DATA EXTRACTS →
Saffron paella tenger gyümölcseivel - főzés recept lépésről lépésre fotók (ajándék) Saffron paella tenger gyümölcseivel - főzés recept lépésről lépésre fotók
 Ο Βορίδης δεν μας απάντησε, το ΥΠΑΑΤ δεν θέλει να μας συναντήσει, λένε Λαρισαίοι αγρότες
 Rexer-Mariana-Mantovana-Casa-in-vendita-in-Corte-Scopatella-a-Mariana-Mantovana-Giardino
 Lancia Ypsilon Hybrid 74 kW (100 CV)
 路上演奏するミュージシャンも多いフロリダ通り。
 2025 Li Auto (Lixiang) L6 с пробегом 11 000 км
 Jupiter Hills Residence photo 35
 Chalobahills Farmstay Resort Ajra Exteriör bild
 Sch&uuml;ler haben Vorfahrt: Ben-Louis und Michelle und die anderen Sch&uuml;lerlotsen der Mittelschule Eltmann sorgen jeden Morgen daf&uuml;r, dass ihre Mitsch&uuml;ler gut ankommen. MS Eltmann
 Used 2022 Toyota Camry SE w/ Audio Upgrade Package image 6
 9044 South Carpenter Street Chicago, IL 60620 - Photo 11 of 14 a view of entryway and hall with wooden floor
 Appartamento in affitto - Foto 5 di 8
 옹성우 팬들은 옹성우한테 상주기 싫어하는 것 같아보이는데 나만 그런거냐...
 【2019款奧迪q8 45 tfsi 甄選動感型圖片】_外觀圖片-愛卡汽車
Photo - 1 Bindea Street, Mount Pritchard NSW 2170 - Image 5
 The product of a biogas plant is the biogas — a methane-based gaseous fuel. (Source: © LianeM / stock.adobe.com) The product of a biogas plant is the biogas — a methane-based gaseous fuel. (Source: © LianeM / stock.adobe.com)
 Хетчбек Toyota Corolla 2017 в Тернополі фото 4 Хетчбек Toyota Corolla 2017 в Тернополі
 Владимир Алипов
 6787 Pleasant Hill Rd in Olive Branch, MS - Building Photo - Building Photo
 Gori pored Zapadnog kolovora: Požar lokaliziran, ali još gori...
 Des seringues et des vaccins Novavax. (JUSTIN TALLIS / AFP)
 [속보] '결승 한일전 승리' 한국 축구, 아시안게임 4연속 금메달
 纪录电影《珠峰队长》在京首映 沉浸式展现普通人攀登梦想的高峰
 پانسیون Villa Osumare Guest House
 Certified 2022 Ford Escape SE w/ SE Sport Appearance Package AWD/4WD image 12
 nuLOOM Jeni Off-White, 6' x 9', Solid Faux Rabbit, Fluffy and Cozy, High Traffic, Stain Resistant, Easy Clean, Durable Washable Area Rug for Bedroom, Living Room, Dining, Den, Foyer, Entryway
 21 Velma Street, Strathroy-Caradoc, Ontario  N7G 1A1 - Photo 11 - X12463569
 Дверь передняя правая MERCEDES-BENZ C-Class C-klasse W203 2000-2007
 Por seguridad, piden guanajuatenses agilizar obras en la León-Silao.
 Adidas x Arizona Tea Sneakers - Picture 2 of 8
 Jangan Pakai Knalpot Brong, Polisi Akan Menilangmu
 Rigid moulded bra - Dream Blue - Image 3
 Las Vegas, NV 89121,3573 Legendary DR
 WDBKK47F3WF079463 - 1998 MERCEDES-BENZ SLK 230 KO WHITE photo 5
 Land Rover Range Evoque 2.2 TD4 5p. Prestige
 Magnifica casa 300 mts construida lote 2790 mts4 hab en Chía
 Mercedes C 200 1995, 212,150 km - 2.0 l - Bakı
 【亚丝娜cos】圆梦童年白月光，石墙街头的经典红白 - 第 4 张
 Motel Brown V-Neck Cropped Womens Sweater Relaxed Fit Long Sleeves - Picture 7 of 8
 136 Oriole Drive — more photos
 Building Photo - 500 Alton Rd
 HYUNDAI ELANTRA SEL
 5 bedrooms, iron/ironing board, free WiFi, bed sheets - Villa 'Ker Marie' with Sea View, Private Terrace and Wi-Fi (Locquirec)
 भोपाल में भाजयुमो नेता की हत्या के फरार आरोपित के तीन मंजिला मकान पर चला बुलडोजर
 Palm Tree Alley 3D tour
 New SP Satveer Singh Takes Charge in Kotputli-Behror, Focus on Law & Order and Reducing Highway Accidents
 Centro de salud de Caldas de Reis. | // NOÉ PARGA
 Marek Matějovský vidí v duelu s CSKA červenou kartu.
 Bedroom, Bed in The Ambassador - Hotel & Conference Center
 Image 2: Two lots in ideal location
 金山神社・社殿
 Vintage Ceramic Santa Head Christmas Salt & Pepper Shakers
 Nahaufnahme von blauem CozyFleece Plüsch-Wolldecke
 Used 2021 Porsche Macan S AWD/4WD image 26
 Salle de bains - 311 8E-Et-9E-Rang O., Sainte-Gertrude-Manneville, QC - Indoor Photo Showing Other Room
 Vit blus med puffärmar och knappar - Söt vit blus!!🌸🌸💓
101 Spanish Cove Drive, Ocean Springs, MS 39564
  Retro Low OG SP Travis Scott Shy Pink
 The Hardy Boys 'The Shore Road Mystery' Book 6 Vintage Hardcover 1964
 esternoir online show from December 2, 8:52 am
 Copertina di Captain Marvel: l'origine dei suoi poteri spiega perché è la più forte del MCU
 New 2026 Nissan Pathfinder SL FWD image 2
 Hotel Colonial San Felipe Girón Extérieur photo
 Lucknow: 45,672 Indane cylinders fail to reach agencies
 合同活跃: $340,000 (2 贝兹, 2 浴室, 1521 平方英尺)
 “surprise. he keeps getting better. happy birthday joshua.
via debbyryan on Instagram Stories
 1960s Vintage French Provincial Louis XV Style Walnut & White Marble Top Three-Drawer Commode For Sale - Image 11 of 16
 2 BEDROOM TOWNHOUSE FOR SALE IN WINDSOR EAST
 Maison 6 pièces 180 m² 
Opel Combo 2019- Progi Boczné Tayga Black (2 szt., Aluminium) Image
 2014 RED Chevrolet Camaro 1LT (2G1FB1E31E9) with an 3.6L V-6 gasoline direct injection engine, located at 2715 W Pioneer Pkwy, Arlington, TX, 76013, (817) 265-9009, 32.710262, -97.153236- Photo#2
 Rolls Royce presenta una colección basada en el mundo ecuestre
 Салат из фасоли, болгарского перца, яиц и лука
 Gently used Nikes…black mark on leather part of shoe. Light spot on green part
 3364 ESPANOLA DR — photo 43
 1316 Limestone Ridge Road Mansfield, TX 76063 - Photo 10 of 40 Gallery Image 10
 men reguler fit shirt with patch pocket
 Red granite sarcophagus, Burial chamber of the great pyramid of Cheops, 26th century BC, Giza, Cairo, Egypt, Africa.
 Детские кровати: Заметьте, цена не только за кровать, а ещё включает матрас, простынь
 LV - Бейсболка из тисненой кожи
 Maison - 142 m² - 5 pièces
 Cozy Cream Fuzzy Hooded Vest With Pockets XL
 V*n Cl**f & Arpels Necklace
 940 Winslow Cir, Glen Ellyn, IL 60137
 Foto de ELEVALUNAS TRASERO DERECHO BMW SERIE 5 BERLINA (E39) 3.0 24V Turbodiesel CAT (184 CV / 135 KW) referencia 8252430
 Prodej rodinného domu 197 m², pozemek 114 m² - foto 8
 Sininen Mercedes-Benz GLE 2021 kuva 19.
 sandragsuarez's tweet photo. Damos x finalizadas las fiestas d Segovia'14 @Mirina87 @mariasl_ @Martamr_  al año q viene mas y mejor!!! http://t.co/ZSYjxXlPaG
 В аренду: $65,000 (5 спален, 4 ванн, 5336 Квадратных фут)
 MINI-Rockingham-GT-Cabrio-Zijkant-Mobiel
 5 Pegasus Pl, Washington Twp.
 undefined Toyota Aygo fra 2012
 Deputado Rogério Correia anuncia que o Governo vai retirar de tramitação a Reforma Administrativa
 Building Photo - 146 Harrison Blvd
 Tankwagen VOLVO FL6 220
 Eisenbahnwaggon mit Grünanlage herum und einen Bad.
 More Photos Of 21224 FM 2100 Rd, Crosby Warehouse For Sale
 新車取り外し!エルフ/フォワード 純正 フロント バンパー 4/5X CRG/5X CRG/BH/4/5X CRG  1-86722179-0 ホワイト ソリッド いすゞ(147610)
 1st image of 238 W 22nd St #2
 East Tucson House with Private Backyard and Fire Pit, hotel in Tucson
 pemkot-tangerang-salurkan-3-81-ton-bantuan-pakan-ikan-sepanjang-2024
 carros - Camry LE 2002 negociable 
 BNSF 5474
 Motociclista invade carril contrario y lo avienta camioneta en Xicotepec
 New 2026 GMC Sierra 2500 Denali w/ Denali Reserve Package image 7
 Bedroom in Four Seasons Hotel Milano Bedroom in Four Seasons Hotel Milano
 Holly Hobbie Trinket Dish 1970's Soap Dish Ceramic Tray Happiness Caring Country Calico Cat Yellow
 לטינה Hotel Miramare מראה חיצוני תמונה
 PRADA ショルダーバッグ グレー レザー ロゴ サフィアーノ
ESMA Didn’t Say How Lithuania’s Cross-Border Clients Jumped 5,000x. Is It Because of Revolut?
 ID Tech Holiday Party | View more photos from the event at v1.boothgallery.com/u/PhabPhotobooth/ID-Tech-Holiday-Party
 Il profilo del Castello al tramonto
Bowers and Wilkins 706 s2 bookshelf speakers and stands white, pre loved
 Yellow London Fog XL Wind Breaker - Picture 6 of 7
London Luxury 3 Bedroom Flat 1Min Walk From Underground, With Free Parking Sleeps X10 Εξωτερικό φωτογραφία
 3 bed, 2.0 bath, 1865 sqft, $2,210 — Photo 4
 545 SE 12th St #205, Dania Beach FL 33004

TASK GOAL → Your answer must be the line holding "5 Pegasus Pl, Washington Twp." plus every later line to the end of the records, copied exactly.

PROBLEM SOLUTION →
 5 Pegasus Pl, Washington Twp.
 undefined Toyota Aygo fra 2012
 Deputado Rogério Correia anuncia que o Governo vai retirar de tramitação a Reforma Administrativa
 Building Photo - 146 Harrison Blvd
 Tankwagen VOLVO FL6 220
 Eisenbahnwaggon mit Grünanlage herum und einen Bad.
 More Photos Of 21224 FM 2100 Rd, Crosby Warehouse For Sale
 新車取り外し!エルフ/フォワード 純正 フロント バンパー 4/5X CRG/5X CRG/BH/4/5X CRG  1-86722179-0 ホワイト ソリッド いすゞ(147610)
 1st image of 238 W 22nd St #2
 East Tucson House with Private Backyard and Fire Pit, hotel in Tucson
 pemkot-tangerang-salurkan-3-81-ton-bantuan-pakan-ikan-sepanjang-2024
 carros - Camry LE 2002 negociable 
 BNSF 5474
 Motociclista invade carril contrario y lo avienta camioneta en Xicotepec
 New 2026 GMC Sierra 2500 Denali w/ Denali Reserve Package image 7
 Bedroom in Four Seasons Hotel Milano Bedroom in Four Seasons Hotel Milano
 Holly Hobbie Trinket Dish 1970's Soap Dish Ceramic Tray Happiness Caring Country Calico Cat Yellow
 לטינה Hotel Miramare מראה חיצוני תמונה
 PRADA ショルダーバッグ グレー レザー ロゴ サフィアーノ
ESMA Didn’t Say How Lithuania’s Cross-Border Clients Jumped 5,000x. Is It Because of Revolut?
 ID Tech Holiday Party | View more photos from the event at v1.boothgallery.com/u/PhabPhotobooth/ID-Tech-Holiday-Party
 Il profilo del Castello al tramonto
Bowers and Wilkins 706 s2 bookshelf speakers and stands white, pre loved
 Yellow London Fog XL Wind Breaker - Picture 6 of 7
London Luxury 3 Bedroom Flat 1Min Walk From Underground, With Free Parking Sleeps X10 Εξωτερικό φωτογραφία
 3 bed, 2.0 bath, 1865 sqft, $2,210 — Photo 4
 545 SE 12th St #205, Dania Beach FL 33004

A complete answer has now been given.